• EXERCISE INSTRUCTIONS: Could you output the listing that follows exactly, without its images?

• PROVIDED DATA:
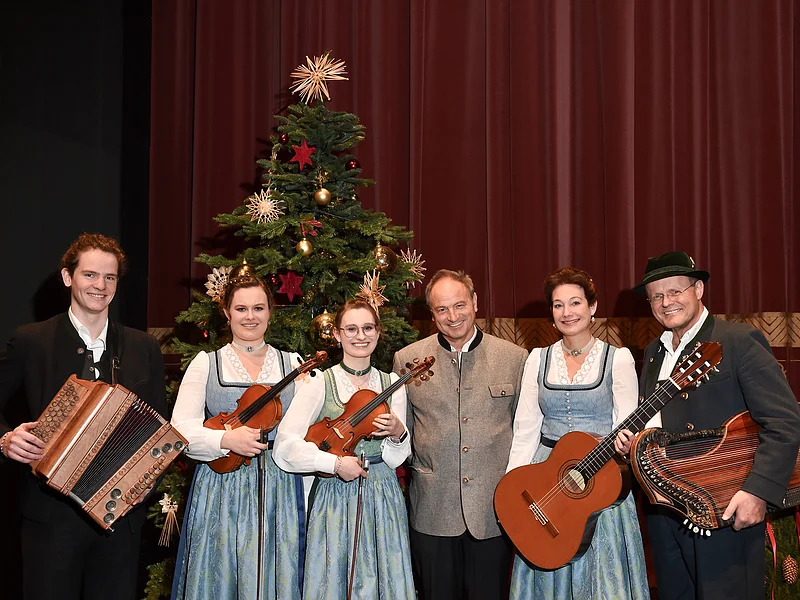 Pfarrer R.M. Schießler Hl. Nacht -Familienmusik Rehm & Rupert Biegel Sechs Personen in Trachten vor geschmücktem Weihnachtsbaum mit Musikinstrumenten posieren vor rotem Vorhang. Heilige Nacht mit Pfarrer R.M. Schießler & Familienmusik Rehm & Rupert Biegel am 21.12.2026 in der Monheimer Stadthalle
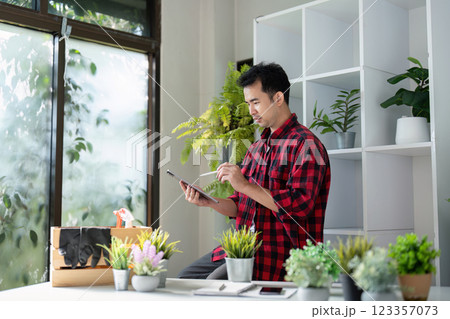 Gardener Using Tablet for Plant Care and Management 123357073
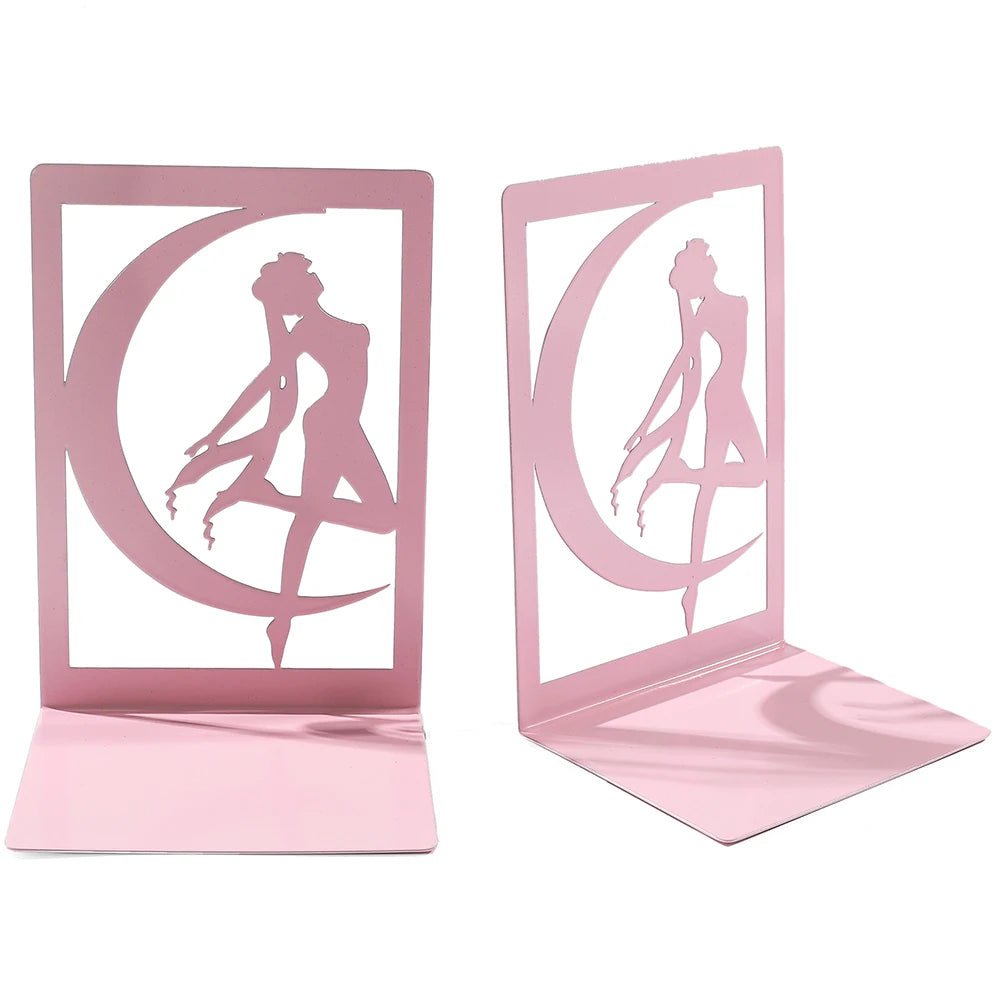 Pink metal bookends with a woman's silhouette design on a white background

• FINISHED TASK:
 Pfarrer R.M. Schießler Hl. Nacht -Familienmusik Rehm & Rupert Biegel Sechs Personen in Trachten vor geschmücktem Weihnachtsbaum mit Musikinstrumenten posieren vor rotem Vorhang. Heilige Nacht mit Pfarrer R.M. Schießler & Familienmusik Rehm & Rupert Biegel am 21.12.2026 in der Monheimer Stadthalle
 Gardener Using Tablet for Plant Care and Management 123357073
 Pink metal bookends with a woman's silhouette design on a white background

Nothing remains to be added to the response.